» Work order:
An exact copy of each line below is needed, with no images in it.

» Data shown:
- - - - - - -

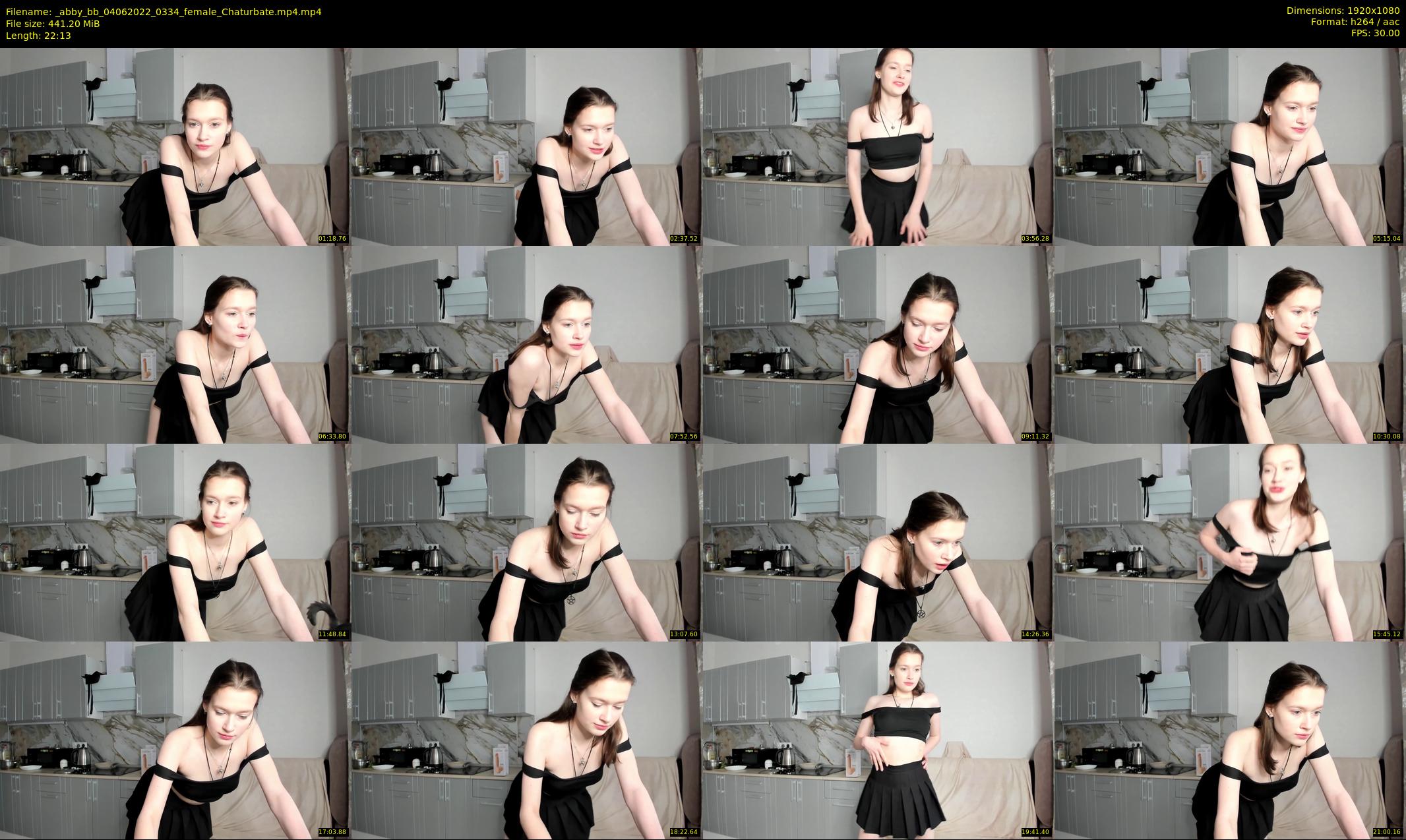 _abby_bb — 23 minute Chaturbate female cam show recording, 1080p, Jun 4, 2022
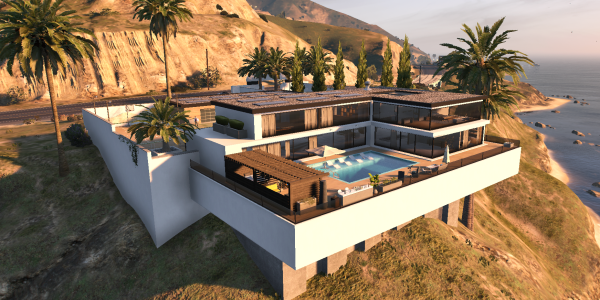 Beach mansion 03 - Civ. 1001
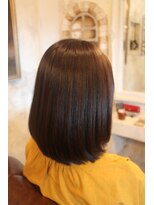 ヘアー ドレス ファーゴ 武蔵浦和(HAIR DRESS Fa go) ミディアムボブ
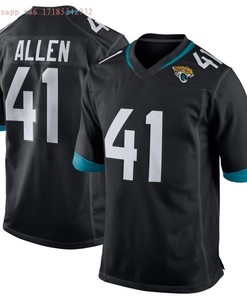 Jacksonville Jaguars Josh Allen #41 2020 Nfl Black Jersey Jersey - Robokeg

- - - - - - -

» Output of the exercise:
 _abby_bb — 23 minute Chaturbate female cam show recording, 1080p, Jun 4, 2022
 Beach mansion 03 - Civ. 1001
 ヘアー ドレス ファーゴ 武蔵浦和(HAIR DRESS Fa go) ミディアムボブ
 Jacksonville Jaguars Josh Allen #41 2020 Nfl Black Jersey Jersey - Robokeg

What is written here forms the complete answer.